**How to complete this task:**
Please keep pictures out of the copy, and print exactly the lines from the one containing "Image showing Set" through the end of the records.

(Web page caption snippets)
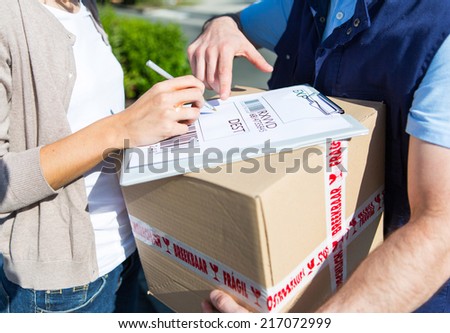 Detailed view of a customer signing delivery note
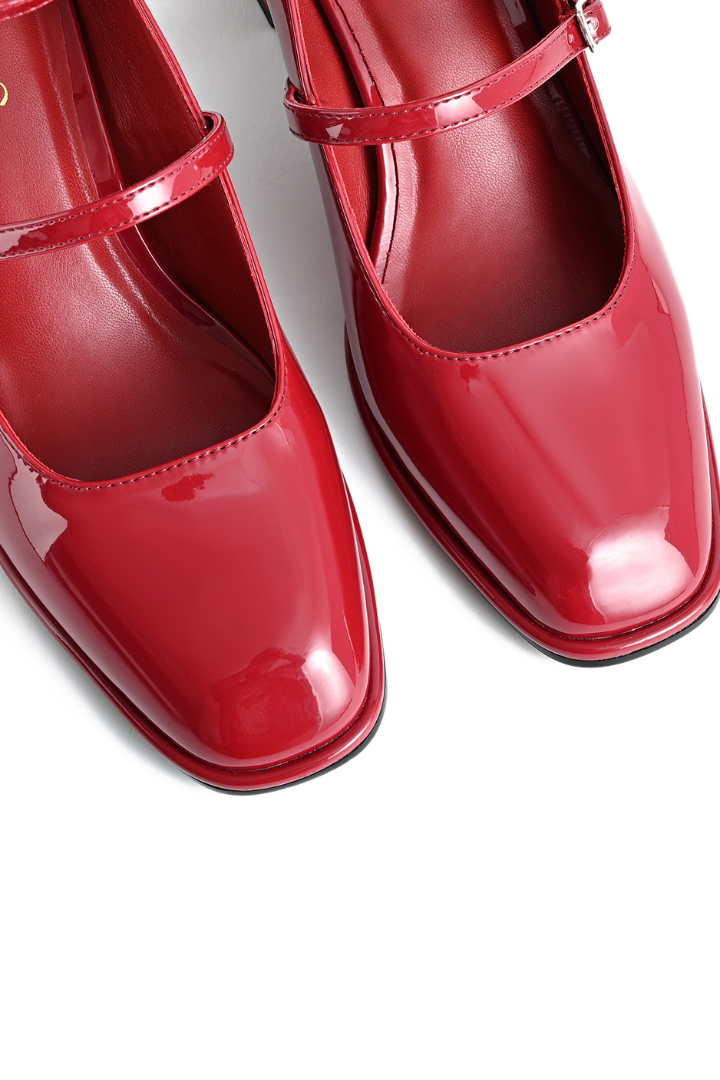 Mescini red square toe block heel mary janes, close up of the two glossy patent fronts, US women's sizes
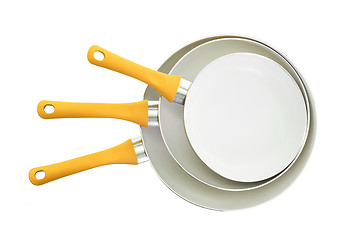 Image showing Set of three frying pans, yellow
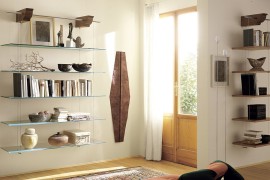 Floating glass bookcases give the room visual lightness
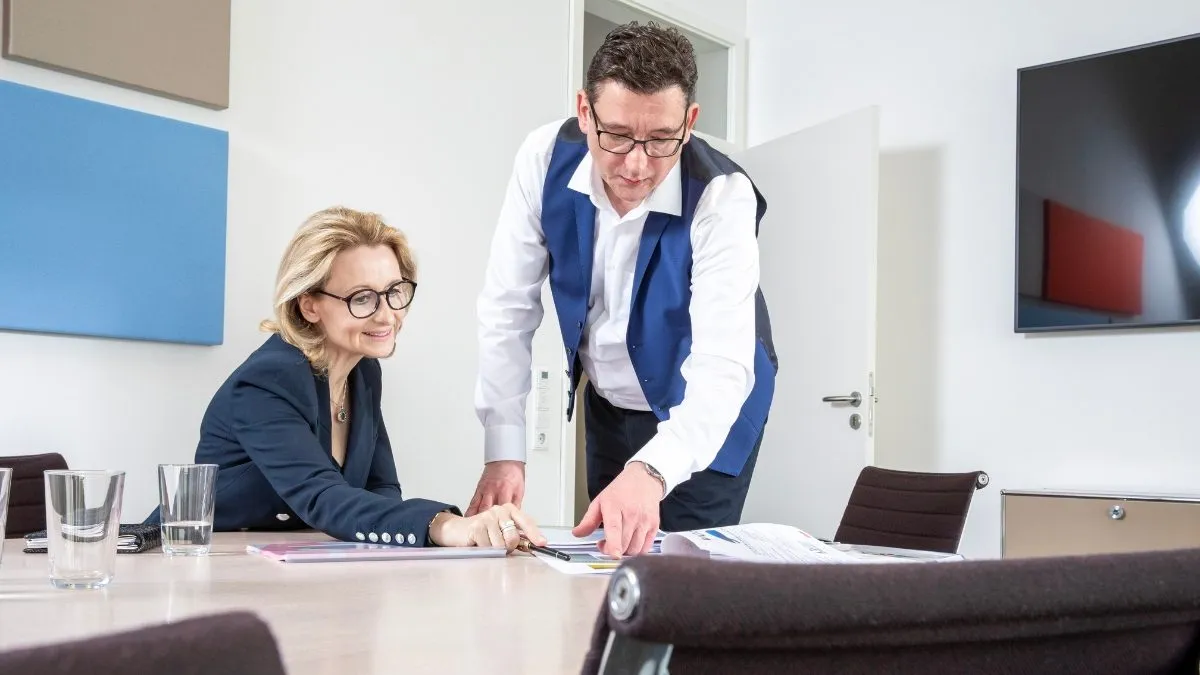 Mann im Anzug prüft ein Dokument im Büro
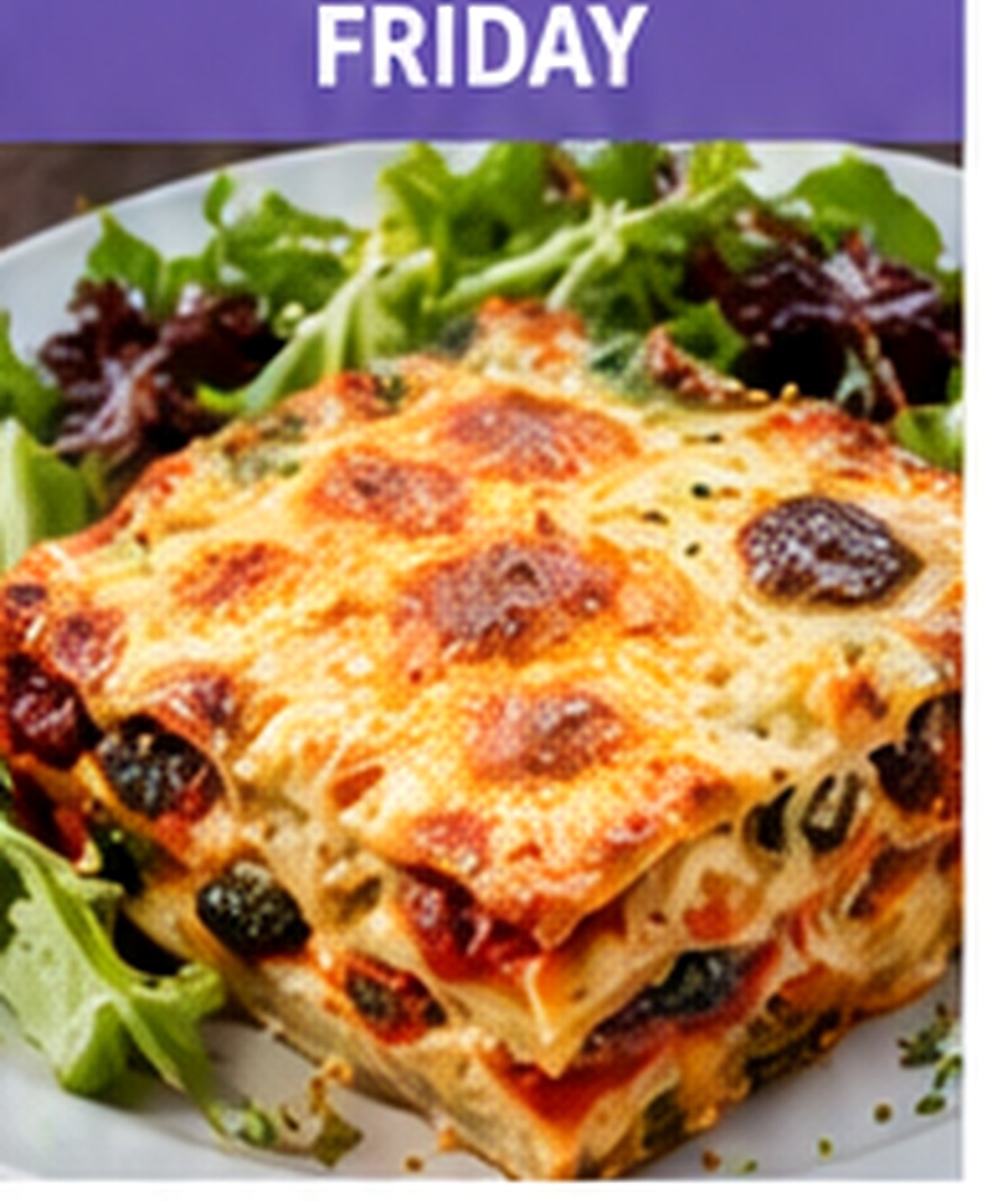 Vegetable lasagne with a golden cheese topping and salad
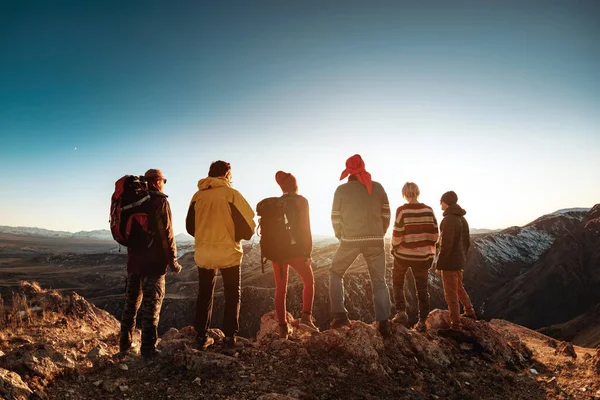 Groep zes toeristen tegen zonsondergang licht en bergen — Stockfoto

**The answer:**
 Image showing Set of three frying pans, yellow
 Floating glass bookcases give the room visual lightness
 Mann im Anzug prüft ein Dokument im Büro
 Vegetable lasagne with a golden cheese topping and salad
 Groep zes toeristen tegen zonsondergang licht en bergen — Stockfoto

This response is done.